The BBC's Rupert Wingfield-Hayes reports from Tibet, where he is on a Chinese Government tour to view the changes taking place there.
It is just after dawn in the Lhasa valley and tens of thousands of Tibetan pilgrims are streaming up a mountainside. Many have walked for days, even weeks to be here.
As the sun bursts over the mountain it reveals the object the pilgrims have come to venerate - a 40-metre (130-foot) image of the Lord Buddha.
Lhasa has been transformed in recent years
I had been invited to Tibet by the Chinese Government.
They wanted me to see for myself, they said, the tremendous changes that are taking place there - how under Chinese rule a new Tibet is emerging, modern, prosperous and happy.
Looking at the throngs of pilgrims streaming up the mountainside it was easy to believe the Chinese Government propaganda.
But as our trip through Tibet continued a different picture began to emerge.
After a gruelling eight-hour bus ride from Lhasa we arrived in the small city of Shigatse to the south-west.
On the mountainside above the city the golden roofs of Tashilumpo monastery shimmer in the afternoon sunshine.
In the candle-lit gloom of the great prayer hall fresh-faced young monks are chanting their sutras - more evidence of how free Tibetan religion is under Chinese rule.
But beneath the calm exterior Tashilumpo monastery is a battle ground, where Tibet's Chinese masters are fighting to eradicate the influence of the exiled spiritual leader, the Dalai Lama.
Tashilumpo monastery is a battleground
I had been told by Tibetan exile groups that monks here are spied upon, that those who venerate the Dalai Lama are punished and that photographs of him are banned.
The Chinese authorities insist that is not true. So I went to find some ordinary monks to ask them.
In a back alley of the monastery I came across a group washing their clothes. At first they were friendly and willing to talk.
But as soon as I asked about the Dalai Lama the atmosphere changed. Monks who seconds before had been chatting away were suddenly struck dumb.
The fear was palpable.
Leaving Tashilumpo we travelled another 300 kilometres east. The dirt road winds along lush green valleys, across raging rivers and up tortuous mountain passes.
Tibet is still one of the most remote and imposing landscapes on earth. For centuries its vast mountain ranges have kept the outside world at bay.
The security forces are keeping a close eye on Tibetans
But that too is changing.
Our next stop is the modern market town of Zedang. In ten years it has grown from a tiny outpost to a bustling commercial centre of 60,000 people.
It is all new, and virtually all Chinese. Almost every single shop in Zedang is run by migrants, people who are flooding into Tibet from all over China.

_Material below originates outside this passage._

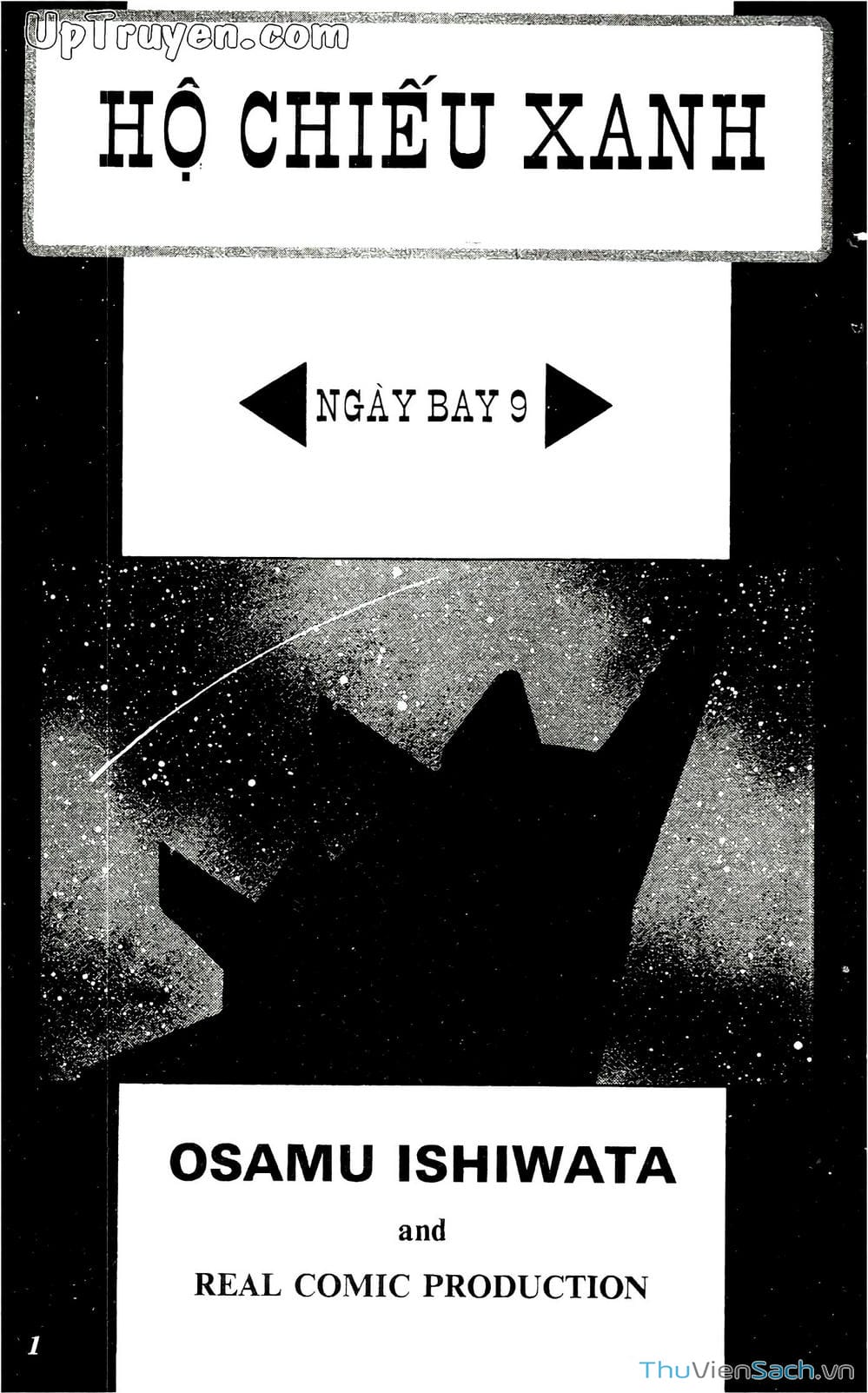 Truyện Tranh Hộ Chiếu Xanh - Passport Blue trang 4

In the market I meet a fruit seller from Henan, more than 1,000 miles to the east in central China.
Why on earth would she move all the way to Tibet? I ask her. "It's easier to do business here," she tells me.
The government in Beijing is encouraging China's teeming masses to look to Tibet as the new frontier, as a land of opportunity, and tens of thousands are taking up the call.
And what of the Tibetans? Well, the only ones I could find were a group of unemployed farm labourers squatting on a street corner looking for work.
"Is it easy to find work in Zedang?" I ask them. "No," they chorus.
"And what do you think of all the Chinese coming in here and setting up businesses?" I ask. They smile and shake their heads, it is not a question any are willing to answer.
Tibetans are still the majority here. But economically Tibetans are being marginalised.
As our bus rolls into Lhasa at the end of our journey we are greeted by the majestic sight of the Potala Palace sitting atop its rocky outcrop in the middle of the city.
This home of 14 Dalai Lamas still dominates the city skyline. But Lhasa is a city the Dalai Lama would hardly recognise.
In the heart of the old city pilgrims prostrate themselves outside the Jokang temple - more than 1,000 years old and by far the most sacred place in the whole of Tibet.
Many pilgrims have walked for months from every corner of Tibet to visit this holy site.
But today the Jokang is hemmed in by a sprawling modern city of concrete and glass. A mere stone's throw from the Jokang, the streets are lined with lurid plastic palm trees!
In a back street I meet Tseden Namgyal. He runs a small gallery making traditional hand painted Thangkas, religious paintings of the Buddha.
Namgyal has watched as the city has changed around him, and he does not like what he sees.
The new face of Zedang
"It's really bad," he tells me. "The city doesn't look like Tibet anymore. It just looks like any other city in any part of China. We don't like it at all."
The Chinese Government had invited us to Tibet to see for ourselves the rapid changes taking place here.
In particular it wanted us to see the economic development it believes is the key securing its rule here.
What we found was a Tibet riven by tensions, where reluctant acceptance of Chinese rule was tempered by fear, and by an enduring passion for the Dalai Lama.
And where Chinese immigration and economic imperialism nurtures growing resentment from a native population that feels increasingly marginalised in its own land.